- WHAT THE EXERCISE ASKS:
All of the data below should be set down again verbatim, without any images.

━━━ INFORMATION SUPPLIED

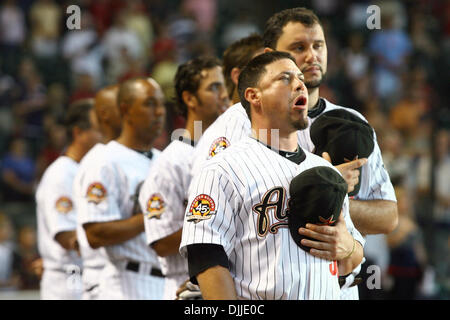 Houston Astros catcher Humberto Quintero (55) hustles down to first base.  The Houston Astros defeated the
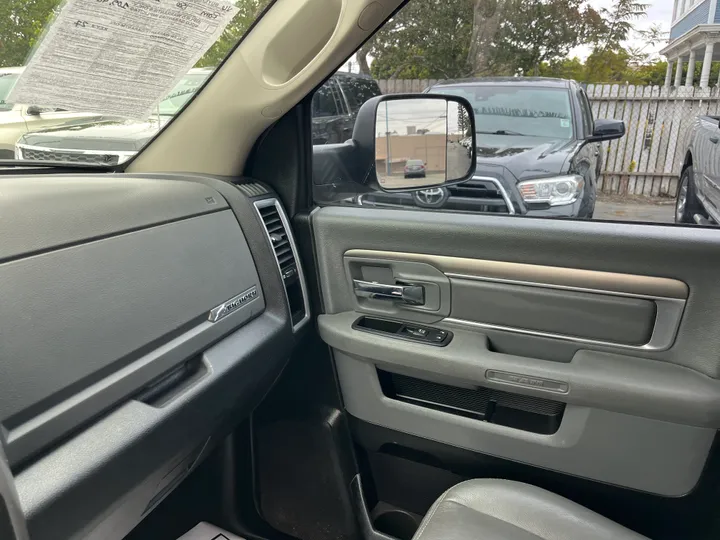 SILVER, 2016 RAM 1500 CREW CAB  DIESEL Image 34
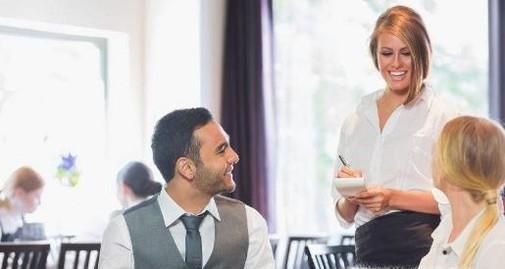 生活中哪些行为表明这个人脸皮很薄？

━━━━━━

- RESULT FOR THIS EXERCISE:
 Houston Astros catcher Humberto Quintero (55) hustles down to first base.  The Houston Astros defeated the
 SILVER, 2016 RAM 1500 CREW CAB  DIESEL Image 34
 生活中哪些行为表明这个人脸皮很薄？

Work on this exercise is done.